None dare call it climate change. OK, that’s not true. A lot of us are calling it climate change.
The scale of Sandy was … almost impossible to imagine: WaPo’s Capital Weather Gang is calling this a “500-to-1,000 year precipation event for some parts of the Mid-Atlantic”. Is this an unusual event? Ya think?
The exacerbating effect of climate is obvious in a lot of ways, as Chris Mooney outlines here:
1. More moisture in the air means more rain:
Explains meteorologist Greg Holland of the National Center for Atmospheric Research: “I have no equivocation in saying that all heavy rainfall events, including this one, have an element of climate change in them, and the level of that contribution will increase in the future.”
2. Sea levels are higher, at least partly because the arctic ice cap is melting. That means that a surge is higher, as NYC is suffering today.
And on and on. Check out Mooney’s article, which quotes MIT Professor Kerry Emmanuel.
This is not some boutique issue. This ain’t hugging trees and spotted owls.
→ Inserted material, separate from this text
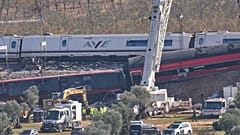 Una grúa trabaja en el lugar donde se encuentran los vagones de tren siniestrados tras una colisión entre dos trenes en Urda, España, el viernes 30 de octubre de 2026.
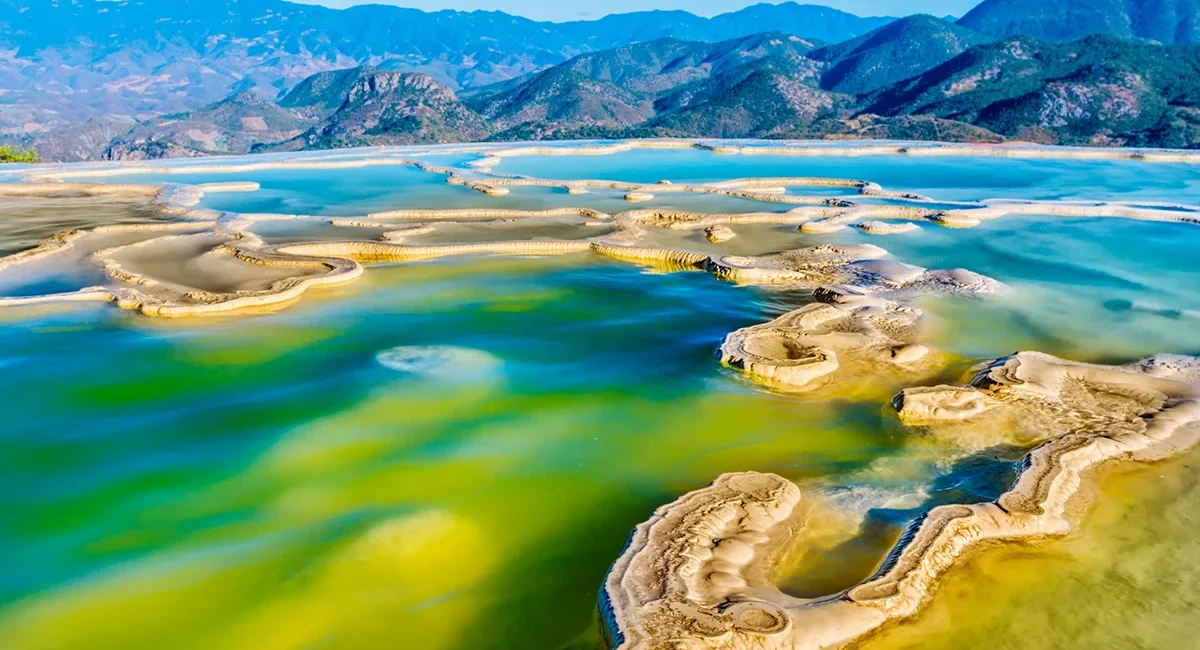 Blick von oben auf Hierve el Agua in Oaxaca, Mexiko. Die natürlichen türkisfarbenen Wasserbecken liegen auf einer Felsformation über der umliegenden Landschaft.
This is about whether you can get your work done; whether you can grow food or afford to buy it; whether it’s safe to live anywhere near the water, including in our biggest cities; whether large groups of people are going to have their land, food and water taken away from them, slowly or catastrophically.
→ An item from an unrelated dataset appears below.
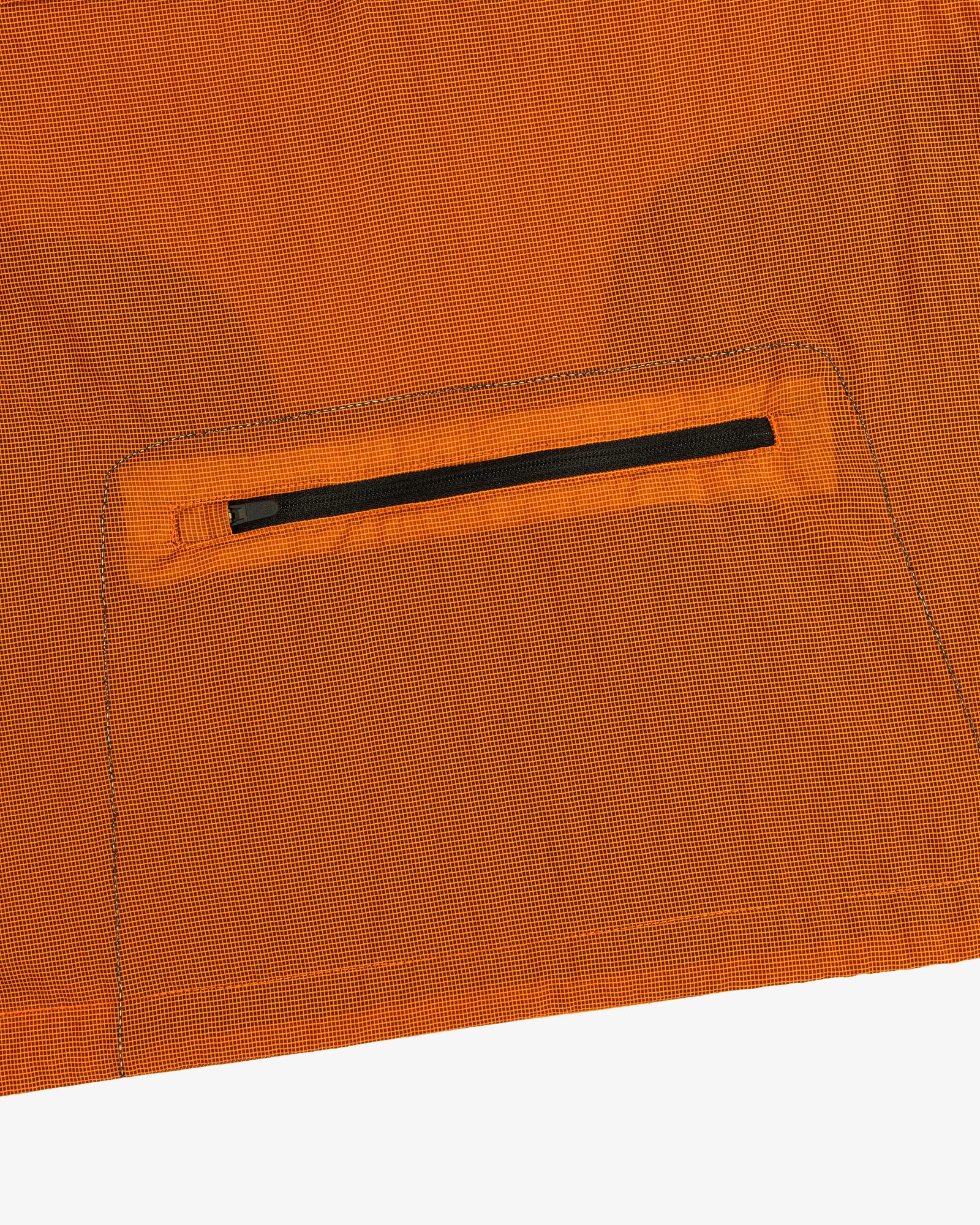 Close-up of the ALD / New Balance Breathable Half-Zip Pullover’s orange fabric with a small black zipper pocket.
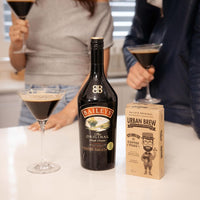 A bottle of Baileys Irish Cream and a box of Urban Brew Coffee Roast sit on a white countertop, with two people in the background holding martini glasses.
People should talk about it. All the time. That means you, Mr./Ms. Reporter, getting your political fix reading this. That means you in the State House. That means you, Ms. Warren and Sen. Brown. If you’re not thinking and talking about this issue — wondering how to prepare for the immediate effects while mitigating the long-term consequences — you are betraying our interests, and that of our children and grandchildren. It’s that simple.
We’ve spent $4+ trillion fighting terror. And yet we refuse to defend ourselves against the clear and present danger of climate change.
We’ve got to be better ancestors than this.